I’ve been updating some slides for emissions in the West of England using data from DESNZ.

R and RStudio are unwell so I resolved to use duckdb to derive the proportions of emissions by sector for the latest year and the 10 year change in emissions. Nothing dramatic. I did learn a couple of useful things.

  1. Renaming all columns in a table to snake case doesn’t seem that easy in SQL compared to the wonderful janitor::clean_names() function in R. However there is a nice workaround if you are importing from a csv. Simply use the normalize_names = true parameter in the read_csv() function. From the docs: Normalize column names. This removes any non-alphanumeric characters from them. Column names that are reserved SQL keywords are prefixed with an underscore character (_).

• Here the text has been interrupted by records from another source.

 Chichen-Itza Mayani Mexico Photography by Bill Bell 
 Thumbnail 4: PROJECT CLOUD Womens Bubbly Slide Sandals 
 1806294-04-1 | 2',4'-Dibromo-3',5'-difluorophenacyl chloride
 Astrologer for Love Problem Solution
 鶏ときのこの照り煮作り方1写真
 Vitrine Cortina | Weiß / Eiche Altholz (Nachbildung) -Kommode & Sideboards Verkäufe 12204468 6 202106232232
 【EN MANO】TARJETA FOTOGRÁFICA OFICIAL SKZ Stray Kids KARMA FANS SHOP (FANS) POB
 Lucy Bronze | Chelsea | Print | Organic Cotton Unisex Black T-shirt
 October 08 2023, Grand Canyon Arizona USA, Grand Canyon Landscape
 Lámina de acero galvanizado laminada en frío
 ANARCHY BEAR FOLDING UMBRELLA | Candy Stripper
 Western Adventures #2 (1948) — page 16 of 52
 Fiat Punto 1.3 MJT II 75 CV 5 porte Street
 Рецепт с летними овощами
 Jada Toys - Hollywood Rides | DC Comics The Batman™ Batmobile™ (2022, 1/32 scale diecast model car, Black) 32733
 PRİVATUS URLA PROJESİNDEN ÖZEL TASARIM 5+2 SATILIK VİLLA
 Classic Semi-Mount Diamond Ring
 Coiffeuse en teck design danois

  2. Calculating the proportions of values compared to the totals of a column. When I wanted to work out the proportion of emissions by sector in the same table as the percentage change over 10 years I got a bit stuck as I didn’t want to do a GROUP BY. The solution is to use the OVER() clause in the column calculation like this:

    SELECT *,
     ("2023_LEP" - "2014_LEP") * 100 / "2014_LEP"  lep_pc_change,
     ("2023_UK" - "2014_UK") * 100 / "2014_UK"  uk_pc_change,
     "2023_LEP" * 100 / SUM("2023_LEP")  OVER() lep_pc_total,
     "2023_UK" * 100 / SUM("2023_UK")  OVER() uk_pc_total
    FROM year_pivot_tbl
    WHERE la_ghg_sector != 'LULUCF';
    

    The OVER () clause turns the aggregation into a window function. An empty () specifies that the window for the sum is the entire result set.